La ética del economista cubano

Autor:

José Alejandro Rodríguez

¿Cuál debe ser la postura del economista ante los serios desafíos que tiene hoy el proceso de actualización del modelo económico cubano, en el cual se decide el futuro de la Revolución y el socialismo? ¿Qué es ser un profesional revolucionario de la economía hoy? ¿Un simple y rutinario repetidor de frases hechas y consignas? ¿Un conformista? ¿Un dócil asalariado del pensamiento oficial —como nos alertara el Che— o un talento solo comprometido con los principios de nuestra sociedad?

Nunca como hoy se requiere de la ética, la honestidad y la valentía del economista, el contador y el auditor, para dar el vuelco racional y realista que requiere la economía cubana en pos de alcanzar las tan urgidas eficiencia y eficacia, sin abandonar los principios de justicia social.

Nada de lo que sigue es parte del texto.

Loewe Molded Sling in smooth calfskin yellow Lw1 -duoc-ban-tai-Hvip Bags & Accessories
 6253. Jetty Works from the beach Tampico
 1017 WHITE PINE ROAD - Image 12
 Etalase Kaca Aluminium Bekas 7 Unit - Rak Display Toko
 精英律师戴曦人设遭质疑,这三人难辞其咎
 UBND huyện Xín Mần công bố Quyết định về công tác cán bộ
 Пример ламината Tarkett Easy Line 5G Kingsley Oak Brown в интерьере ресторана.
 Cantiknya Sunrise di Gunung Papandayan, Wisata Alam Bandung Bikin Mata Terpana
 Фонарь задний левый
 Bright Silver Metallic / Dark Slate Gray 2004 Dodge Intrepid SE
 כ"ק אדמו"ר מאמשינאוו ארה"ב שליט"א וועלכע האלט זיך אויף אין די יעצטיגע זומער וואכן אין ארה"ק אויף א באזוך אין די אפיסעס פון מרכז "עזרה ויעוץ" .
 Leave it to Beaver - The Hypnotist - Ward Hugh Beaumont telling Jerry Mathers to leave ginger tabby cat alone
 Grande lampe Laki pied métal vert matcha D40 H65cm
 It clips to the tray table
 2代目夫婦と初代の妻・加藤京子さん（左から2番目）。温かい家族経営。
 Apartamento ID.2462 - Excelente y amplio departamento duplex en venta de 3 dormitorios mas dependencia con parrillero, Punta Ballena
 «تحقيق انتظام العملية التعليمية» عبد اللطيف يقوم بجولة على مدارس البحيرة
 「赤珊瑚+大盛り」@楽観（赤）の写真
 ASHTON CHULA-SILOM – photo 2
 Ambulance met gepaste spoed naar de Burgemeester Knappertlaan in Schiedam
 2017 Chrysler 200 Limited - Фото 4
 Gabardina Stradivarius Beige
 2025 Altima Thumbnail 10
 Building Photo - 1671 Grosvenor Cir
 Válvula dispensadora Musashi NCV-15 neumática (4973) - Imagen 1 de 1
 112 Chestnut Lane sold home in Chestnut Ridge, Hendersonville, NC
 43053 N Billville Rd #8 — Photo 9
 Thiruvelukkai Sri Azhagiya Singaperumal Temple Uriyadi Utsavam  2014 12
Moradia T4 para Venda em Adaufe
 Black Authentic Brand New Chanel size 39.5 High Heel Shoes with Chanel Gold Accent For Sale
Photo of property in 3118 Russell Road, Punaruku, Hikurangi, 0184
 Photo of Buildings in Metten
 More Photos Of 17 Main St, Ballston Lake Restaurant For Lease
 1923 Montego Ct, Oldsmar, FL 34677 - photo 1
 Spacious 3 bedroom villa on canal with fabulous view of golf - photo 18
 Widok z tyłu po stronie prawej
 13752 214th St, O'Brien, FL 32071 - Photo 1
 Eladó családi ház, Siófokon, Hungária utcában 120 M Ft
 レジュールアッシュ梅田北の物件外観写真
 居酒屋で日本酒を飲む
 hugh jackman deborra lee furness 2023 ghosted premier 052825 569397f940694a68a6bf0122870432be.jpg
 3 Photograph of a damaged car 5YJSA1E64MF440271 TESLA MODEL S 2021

El VII Congreso de la Asociación Nacional de Economistas y Contadores de Cuba (ANEC), que viene celebrándose ascendentemente desde las bases y tendrá sus sesiones finales los días 13 y 14 de junio de 2013, nos está demostrando el potencial ético y moral de esos profesionales, ajenos a oportunismos y conveniencias personales, y fieles siempre al ejercicio responsable y amoroso de la crítica y la autocrítica.

Primero con la convocatoria al debate masivo de los Lineamientos junto al pueblo, y ahora en la implementación de los mismos —que es un objetivo permanente y dialéctico—, la Revolución ha necesitado como nunca antes que el arsenal teórico y conceptual de nuestros profesionales se exprese en contribuciones sustanciales al progreso de la actualización.

La ética del economista y el contador cubanos pasa hoy por el compromiso con la verdad y el criterio. Por la moral revolucionaria y no la complacencia de eludir la problematización y el enfrentamiento a todo lo que malogre, dilate, distraiga o distorsione los grandes objetivos de renovar nuestro socialismo y hacerlo invulnerable.

No podemos obviar que, en el seno de la sociedad cubana, se registran ciertas tendencias acomodaticias apegadas al burocratismo, la corrupción, la tradicional administrativización de la economía y otros métodos perniciosos, que se resisten a los cambios descentralizadores y fortificantes de nuestro socialismo.

La ANEC ha exhortado a todos los profesionales de la economía, afiliados a ella o no, a unirse en el propósito de convertir a esa fuerza intelectual en un valladar infranqueable contra lo que entorpezca el proceso de transformaciones que vive hoy la Revolución.

Ni la doble moral, ni la simulación y el desaliento, podrán tener cabida entre los economistas y contadores. La gran tarea de demostrar definitivamente, más con resultados que con palabras, la superioridad del socialismo, requiere del argumento, el análisis, la fundamentación y hasta la discrepancia y la polémica. En todo caso, si hay una intolerancia salvable, debiera ser contra todo lo que pretenda malograr el anhelo de una economía sólida y justiciera, «con todos y para el bien de todos».